How to complete this task. The whole set of entries is to be restated word for word.

Input data.
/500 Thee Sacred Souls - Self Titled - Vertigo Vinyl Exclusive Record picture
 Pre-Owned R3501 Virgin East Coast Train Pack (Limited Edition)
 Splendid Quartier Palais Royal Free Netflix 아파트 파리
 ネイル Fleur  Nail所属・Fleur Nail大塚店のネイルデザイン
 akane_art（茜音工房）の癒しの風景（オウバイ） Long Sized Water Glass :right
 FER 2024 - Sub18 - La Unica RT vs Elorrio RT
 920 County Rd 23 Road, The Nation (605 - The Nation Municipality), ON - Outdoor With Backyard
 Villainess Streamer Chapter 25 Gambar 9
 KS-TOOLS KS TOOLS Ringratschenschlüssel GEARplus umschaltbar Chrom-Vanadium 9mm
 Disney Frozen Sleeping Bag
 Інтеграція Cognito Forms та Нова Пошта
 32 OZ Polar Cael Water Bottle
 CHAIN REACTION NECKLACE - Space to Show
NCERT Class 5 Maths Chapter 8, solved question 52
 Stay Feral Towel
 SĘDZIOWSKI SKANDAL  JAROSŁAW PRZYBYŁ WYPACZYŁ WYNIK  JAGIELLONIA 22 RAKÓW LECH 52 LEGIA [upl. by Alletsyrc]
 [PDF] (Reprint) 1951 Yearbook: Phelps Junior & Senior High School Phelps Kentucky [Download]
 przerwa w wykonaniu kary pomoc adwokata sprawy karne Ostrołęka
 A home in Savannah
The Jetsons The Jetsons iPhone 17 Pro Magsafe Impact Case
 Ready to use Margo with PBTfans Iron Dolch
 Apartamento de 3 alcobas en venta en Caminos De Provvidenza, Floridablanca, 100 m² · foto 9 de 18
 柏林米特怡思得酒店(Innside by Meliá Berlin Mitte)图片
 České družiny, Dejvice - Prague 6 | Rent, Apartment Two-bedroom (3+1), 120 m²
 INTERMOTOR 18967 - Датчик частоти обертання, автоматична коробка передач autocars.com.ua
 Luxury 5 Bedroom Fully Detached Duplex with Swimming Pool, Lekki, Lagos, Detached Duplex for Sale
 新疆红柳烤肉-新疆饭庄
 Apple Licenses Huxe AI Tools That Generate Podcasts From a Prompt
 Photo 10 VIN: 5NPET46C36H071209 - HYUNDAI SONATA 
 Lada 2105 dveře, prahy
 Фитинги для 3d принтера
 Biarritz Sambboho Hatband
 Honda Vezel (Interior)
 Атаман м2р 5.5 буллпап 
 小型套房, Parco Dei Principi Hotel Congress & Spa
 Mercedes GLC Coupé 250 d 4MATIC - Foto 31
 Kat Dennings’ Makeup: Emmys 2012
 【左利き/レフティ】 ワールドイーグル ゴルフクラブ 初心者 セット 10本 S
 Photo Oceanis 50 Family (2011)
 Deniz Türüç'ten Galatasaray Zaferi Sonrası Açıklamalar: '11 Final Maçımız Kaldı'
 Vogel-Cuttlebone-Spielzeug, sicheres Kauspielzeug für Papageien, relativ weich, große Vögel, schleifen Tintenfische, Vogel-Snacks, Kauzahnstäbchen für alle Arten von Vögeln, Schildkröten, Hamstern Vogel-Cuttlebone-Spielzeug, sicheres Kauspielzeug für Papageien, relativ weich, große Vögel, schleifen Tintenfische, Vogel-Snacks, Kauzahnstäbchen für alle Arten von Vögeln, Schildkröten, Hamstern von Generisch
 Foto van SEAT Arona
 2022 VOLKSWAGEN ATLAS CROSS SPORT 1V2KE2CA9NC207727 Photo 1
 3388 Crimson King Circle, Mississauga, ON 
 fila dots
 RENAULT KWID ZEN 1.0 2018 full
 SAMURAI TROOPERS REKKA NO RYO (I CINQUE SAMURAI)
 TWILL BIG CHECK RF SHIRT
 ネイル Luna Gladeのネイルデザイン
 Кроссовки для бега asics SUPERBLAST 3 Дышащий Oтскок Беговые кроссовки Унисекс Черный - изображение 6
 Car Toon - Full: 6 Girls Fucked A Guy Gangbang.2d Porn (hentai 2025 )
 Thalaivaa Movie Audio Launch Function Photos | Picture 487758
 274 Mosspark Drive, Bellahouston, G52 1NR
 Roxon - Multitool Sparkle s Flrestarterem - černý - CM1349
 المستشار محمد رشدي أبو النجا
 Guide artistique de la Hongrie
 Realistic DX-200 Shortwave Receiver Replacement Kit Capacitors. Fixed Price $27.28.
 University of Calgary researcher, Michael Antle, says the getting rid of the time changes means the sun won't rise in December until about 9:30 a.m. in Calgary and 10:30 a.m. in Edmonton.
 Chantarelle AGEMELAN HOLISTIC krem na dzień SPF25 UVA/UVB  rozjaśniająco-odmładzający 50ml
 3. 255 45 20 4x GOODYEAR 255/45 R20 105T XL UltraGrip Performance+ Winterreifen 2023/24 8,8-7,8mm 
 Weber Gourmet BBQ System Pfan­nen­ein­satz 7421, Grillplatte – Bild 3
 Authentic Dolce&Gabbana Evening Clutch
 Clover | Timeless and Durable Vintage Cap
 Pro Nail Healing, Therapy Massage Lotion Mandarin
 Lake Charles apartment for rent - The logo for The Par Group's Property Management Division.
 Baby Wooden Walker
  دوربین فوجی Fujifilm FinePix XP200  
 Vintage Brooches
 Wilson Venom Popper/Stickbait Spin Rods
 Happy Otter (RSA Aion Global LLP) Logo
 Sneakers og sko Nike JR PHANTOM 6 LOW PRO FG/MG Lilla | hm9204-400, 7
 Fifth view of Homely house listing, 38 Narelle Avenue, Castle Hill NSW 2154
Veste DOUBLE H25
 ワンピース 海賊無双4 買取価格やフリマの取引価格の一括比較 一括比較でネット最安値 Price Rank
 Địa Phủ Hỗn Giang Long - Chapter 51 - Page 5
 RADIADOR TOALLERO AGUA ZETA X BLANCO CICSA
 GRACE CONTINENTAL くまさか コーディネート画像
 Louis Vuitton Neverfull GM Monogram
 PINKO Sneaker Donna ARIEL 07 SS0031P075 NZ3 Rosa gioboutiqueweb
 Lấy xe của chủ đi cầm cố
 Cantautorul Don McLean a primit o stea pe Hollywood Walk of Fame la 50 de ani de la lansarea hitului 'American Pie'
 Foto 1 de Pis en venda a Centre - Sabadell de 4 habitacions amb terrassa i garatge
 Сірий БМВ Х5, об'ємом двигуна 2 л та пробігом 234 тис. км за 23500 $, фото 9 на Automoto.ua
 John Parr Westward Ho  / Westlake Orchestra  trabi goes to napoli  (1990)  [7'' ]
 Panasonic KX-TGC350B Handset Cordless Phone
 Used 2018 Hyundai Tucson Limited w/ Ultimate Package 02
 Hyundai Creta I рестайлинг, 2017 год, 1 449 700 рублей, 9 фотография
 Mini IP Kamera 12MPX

Task answer.
/500 Thee Sacred Souls - Self Titled - Vertigo Vinyl Exclusive Record picture
 Pre-Owned R3501 Virgin East Coast Train Pack (Limited Edition)
 Splendid Quartier Palais Royal Free Netflix 아파트 파리
 ネイル Fleur  Nail所属・Fleur Nail大塚店のネイルデザイン
 akane_art（茜音工房）の癒しの風景（オウバイ） Long Sized Water Glass :right
 FER 2024 - Sub18 - La Unica RT vs Elorrio RT
 920 County Rd 23 Road, The Nation (605 - The Nation Municipality), ON - Outdoor With Backyard
 Villainess Streamer Chapter 25 Gambar 9
 KS-TOOLS KS TOOLS Ringratschenschlüssel GEARplus umschaltbar Chrom-Vanadium 9mm
 Disney Frozen Sleeping Bag
 Інтеграція Cognito Forms та Нова Пошта
 32 OZ Polar Cael Water Bottle
 CHAIN REACTION NECKLACE - Space to Show
NCERT Class 5 Maths Chapter 8, solved question 52
 Stay Feral Towel
 SĘDZIOWSKI SKANDAL  JAROSŁAW PRZYBYŁ WYPACZYŁ WYNIK  JAGIELLONIA 22 RAKÓW LECH 52 LEGIA [upl. by Alletsyrc]
 [PDF] (Reprint) 1951 Yearbook: Phelps Junior & Senior High School Phelps Kentucky [Download]
 przerwa w wykonaniu kary pomoc adwokata sprawy karne Ostrołęka
 A home in Savannah
The Jetsons The Jetsons iPhone 17 Pro Magsafe Impact Case
 Ready to use Margo with PBTfans Iron Dolch
 Apartamento de 3 alcobas en venta en Caminos De Provvidenza, Floridablanca, 100 m² · foto 9 de 18
 柏林米特怡思得酒店(Innside by Meliá Berlin Mitte)图片
 České družiny, Dejvice - Prague 6 | Rent, Apartment Two-bedroom (3+1), 120 m²
 INTERMOTOR 18967 - Датчик частоти обертання, автоматична коробка передач autocars.com.ua
 Luxury 5 Bedroom Fully Detached Duplex with Swimming Pool, Lekki, Lagos, Detached Duplex for Sale
 新疆红柳烤肉-新疆饭庄
 Apple Licenses Huxe AI Tools That Generate Podcasts From a Prompt
 Photo 10 VIN: 5NPET46C36H071209 - HYUNDAI SONATA 
 Lada 2105 dveře, prahy
 Фитинги для 3d принтера
 Biarritz Sambboho Hatband
 Honda Vezel (Interior)
 Атаман м2р 5.5 буллпап 
 小型套房, Parco Dei Principi Hotel Congress & Spa
 Mercedes GLC Coupé 250 d 4MATIC - Foto 31
 Kat Dennings’ Makeup: Emmys 2012
 【左利き/レフティ】 ワールドイーグル ゴルフクラブ 初心者 セット 10本 S
 Photo Oceanis 50 Family (2011)
 Deniz Türüç'ten Galatasaray Zaferi Sonrası Açıklamalar: '11 Final Maçımız Kaldı'
 Vogel-Cuttlebone-Spielzeug, sicheres Kauspielzeug für Papageien, relativ weich, große Vögel, schleifen Tintenfische, Vogel-Snacks, Kauzahnstäbchen für alle Arten von Vögeln, Schildkröten, Hamstern Vogel-Cuttlebone-Spielzeug, sicheres Kauspielzeug für Papageien, relativ weich, große Vögel, schleifen Tintenfische, Vogel-Snacks, Kauzahnstäbchen für alle Arten von Vögeln, Schildkröten, Hamstern von Generisch
 Foto van SEAT Arona
 2022 VOLKSWAGEN ATLAS CROSS SPORT 1V2KE2CA9NC207727 Photo 1
 3388 Crimson King Circle, Mississauga, ON 
 fila dots
 RENAULT KWID ZEN 1.0 2018 full
 SAMURAI TROOPERS REKKA NO RYO (I CINQUE SAMURAI)
 TWILL BIG CHECK RF SHIRT
 ネイル Luna Gladeのネイルデザイン
 Кроссовки для бега asics SUPERBLAST 3 Дышащий Oтскок Беговые кроссовки Унисекс Черный - изображение 6
 Car Toon - Full: 6 Girls Fucked A Guy Gangbang.2d Porn (hentai 2025 )
 Thalaivaa Movie Audio Launch Function Photos | Picture 487758
 274 Mosspark Drive, Bellahouston, G52 1NR
 Roxon - Multitool Sparkle s Flrestarterem - černý - CM1349
 المستشار محمد رشدي أبو النجا
 Guide artistique de la Hongrie
 Realistic DX-200 Shortwave Receiver Replacement Kit Capacitors. Fixed Price $27.28.
 University of Calgary researcher, Michael Antle, says the getting rid of the time changes means the sun won't rise in December until about 9:30 a.m. in Calgary and 10:30 a.m. in Edmonton.
 Chantarelle AGEMELAN HOLISTIC krem na dzień SPF25 UVA/UVB  rozjaśniająco-odmładzający 50ml
 3. 255 45 20 4x GOODYEAR 255/45 R20 105T XL UltraGrip Performance+ Winterreifen 2023/24 8,8-7,8mm 
 Weber Gourmet BBQ System Pfan­nen­ein­satz 7421, Grillplatte – Bild 3
 Authentic Dolce&Gabbana Evening Clutch
 Clover | Timeless and Durable Vintage Cap
 Pro Nail Healing, Therapy Massage Lotion Mandarin
 Lake Charles apartment for rent - The logo for The Par Group's Property Management Division.
 Baby Wooden Walker
  دوربین فوجی Fujifilm FinePix XP200  
 Vintage Brooches
 Wilson Venom Popper/Stickbait Spin Rods
 Happy Otter (RSA Aion Global LLP) Logo
 Sneakers og sko Nike JR PHANTOM 6 LOW PRO FG/MG Lilla | hm9204-400, 7
 Fifth view of Homely house listing, 38 Narelle Avenue, Castle Hill NSW 2154
Veste DOUBLE H25
 ワンピース 海賊無双4 買取価格やフリマの取引価格の一括比較 一括比較でネット最安値 Price Rank
 Địa Phủ Hỗn Giang Long - Chapter 51 - Page 5
 RADIADOR TOALLERO AGUA ZETA X BLANCO CICSA
 GRACE CONTINENTAL くまさか コーディネート画像
 Louis Vuitton Neverfull GM Monogram
 PINKO Sneaker Donna ARIEL 07 SS0031P075 NZ3 Rosa gioboutiqueweb
 Lấy xe của chủ đi cầm cố
 Cantautorul Don McLean a primit o stea pe Hollywood Walk of Fame la 50 de ani de la lansarea hitului 'American Pie'
 Foto 1 de Pis en venda a Centre - Sabadell de 4 habitacions amb terrassa i garatge
 Сірий БМВ Х5, об'ємом двигуна 2 л та пробігом 234 тис. км за 23500 $, фото 9 на Automoto.ua
 John Parr Westward Ho  / Westlake Orchestra  trabi goes to napoli  (1990)  [7'' ]
 Panasonic KX-TGC350B Handset Cordless Phone
 Used 2018 Hyundai Tucson Limited w/ Ultimate Package 02
 Hyundai Creta I рестайлинг, 2017 год, 1 449 700 рублей, 9 фотография
 Mini IP Kamera 12MPX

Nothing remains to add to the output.